Among the entries below, retype exactly the lines starting with the one with "BLORN Asymmetrical cargo shorts [BLACK]" and going on through the one with "新世代MINI第3弾モデル「MINI エースマン」のエクステリア。", but not the pictures.

## INPUT RECORDS:
--------------------------------

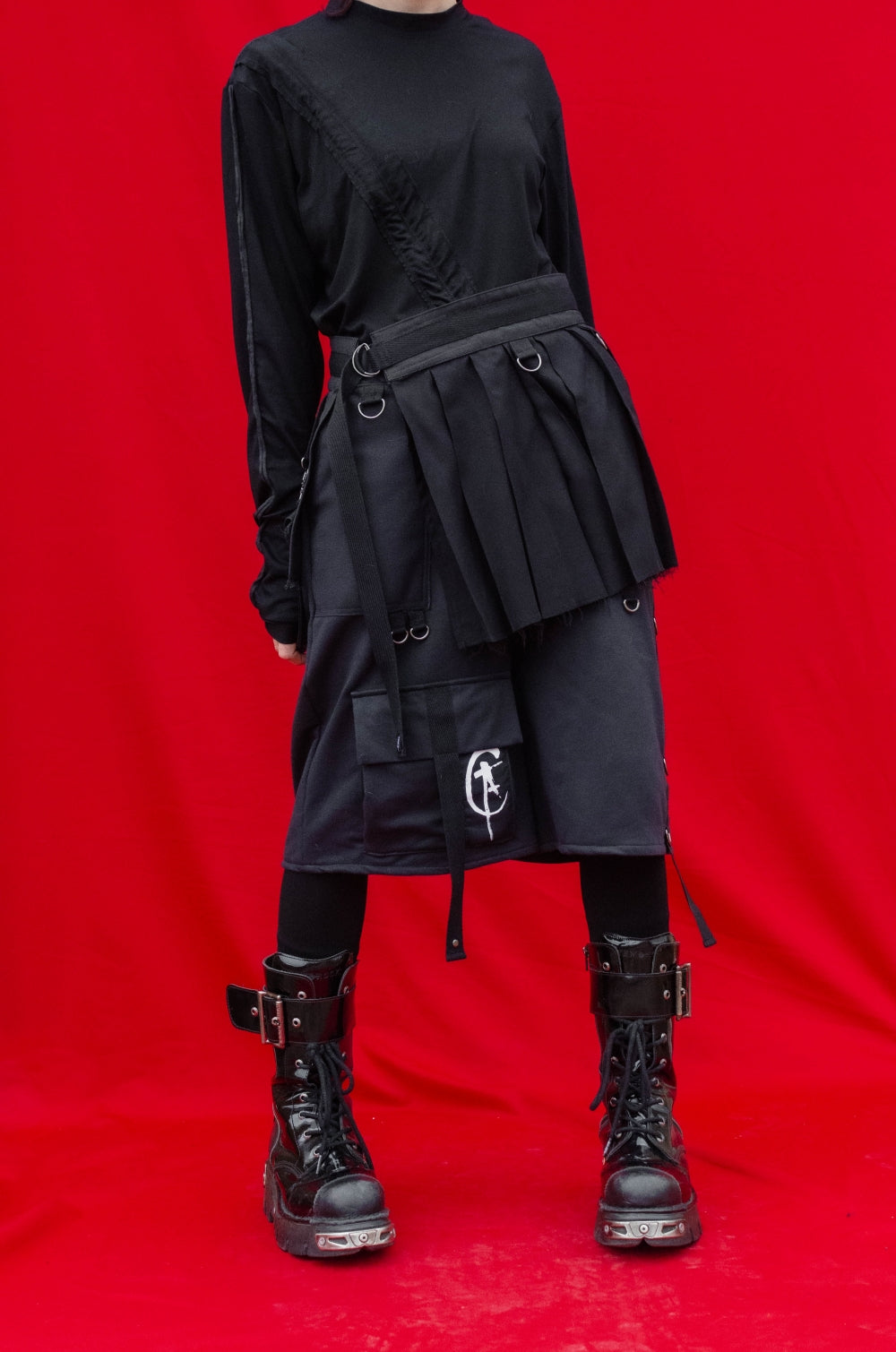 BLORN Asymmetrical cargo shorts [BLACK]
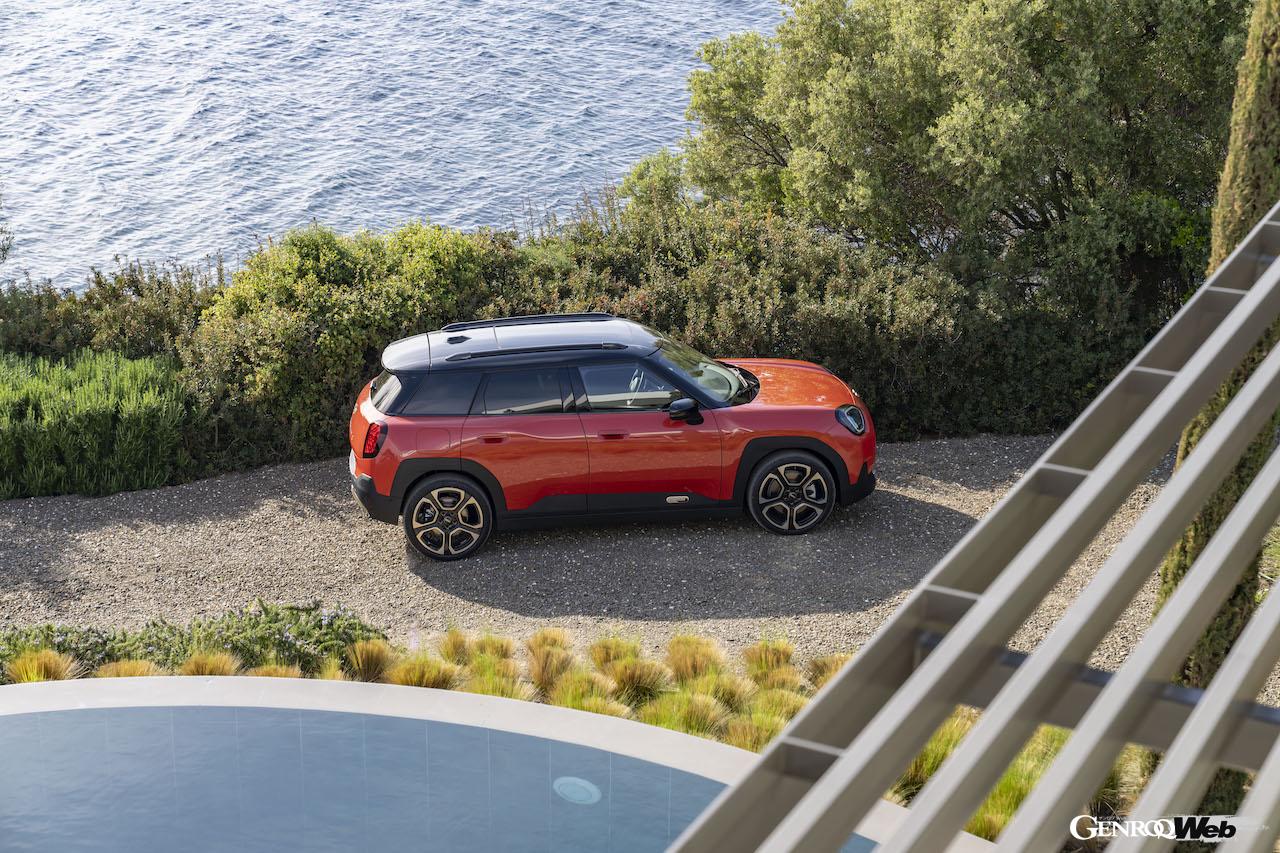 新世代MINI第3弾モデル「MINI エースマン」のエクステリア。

--------------------------------

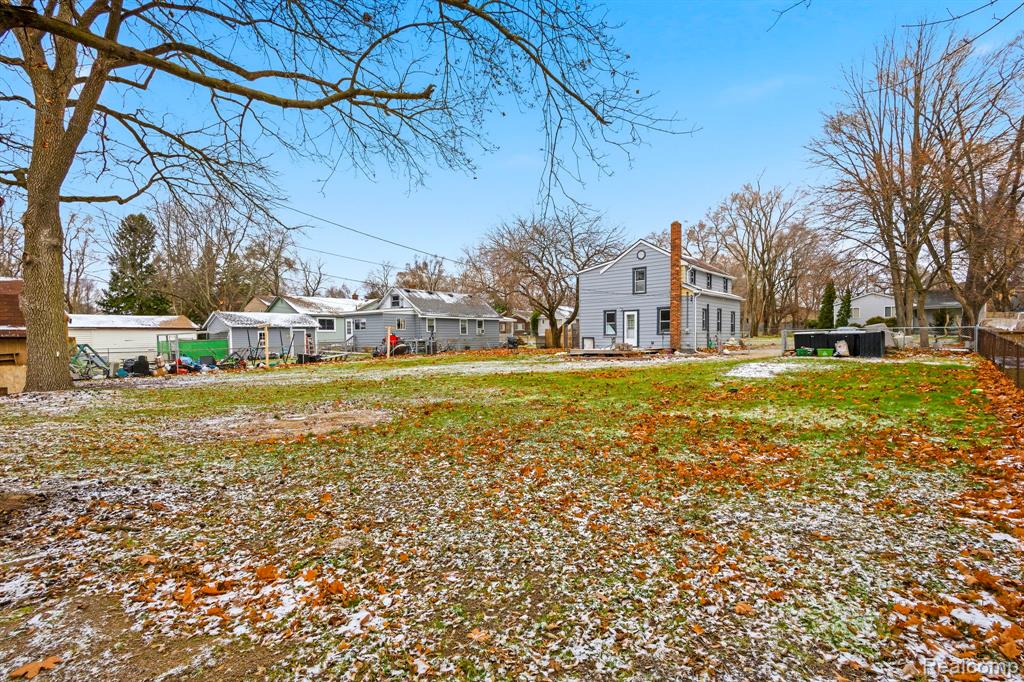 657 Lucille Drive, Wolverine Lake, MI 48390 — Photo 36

--------------------------------

## OUTPUT FOR THIS TASK:
 BLORN Asymmetrical cargo shorts [BLACK]
 新世代MINI第3弾モデル「MINI エースマン」のエクステリア。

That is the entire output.